From: Mike Galbraith <efault@gmx.de>
To: Peter Zijlstra <peterz@infradead.org>
Cc: Ingo Molnar <mingo@elte.hu>, LKML <linux-kernel@vger.kernel.org>
Subject: Re: [patch] sched: fix b5d9d734 blunder in task_new_fair()
Date: Fri, 27 Nov 2009 12:55:21 +0100 [thread overview]
Message-ID: <1259322921.3878.28.camel@marge.simson.net> (raw)

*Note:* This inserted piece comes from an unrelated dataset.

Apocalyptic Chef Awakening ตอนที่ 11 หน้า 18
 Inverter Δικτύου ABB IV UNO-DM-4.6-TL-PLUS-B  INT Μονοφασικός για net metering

In-Reply-To: <1259252785.31676.216.camel@laptop>
On Thu, 2009-11-26 at 17:26 +0100, Peter Zijlstra wrote:
> On Sun, 2009-11-22 at 13:07 +0100, Mike Galbraith wrote:
> > @@ -2589,16 +2588,10 @@ void sched_fork(struct task_struct *p, i
> > */
> > p->prio = current->normal_prio;
> >
> > - if (!rt_prio(p->prio))
> > + if (!task_has_rt_policy(p))
> > p->sched_class = &fair_sched_class;
> >
> > -#ifdef CONFIG_SMP
> > - cpu = p->sched_class->select_task_rq(p, SD_BALANCE_FORK, 0);
> > -#endif
> > - local_irq_save(flags);
> > - update_rq_clock(cpu_rq(cpu));
> > - set_task_cpu(p, cpu);
> > - local_irq_restore(flags);
> > + __set_task_cpu(p, cpu);
>
> OK, so I figured out why it was in sched_fork() and not in
> wake_up_new_task().
>
> It is because in sched_fork() the new task isn't in the tasklist yet and
> can therefore not race with any other migration logic.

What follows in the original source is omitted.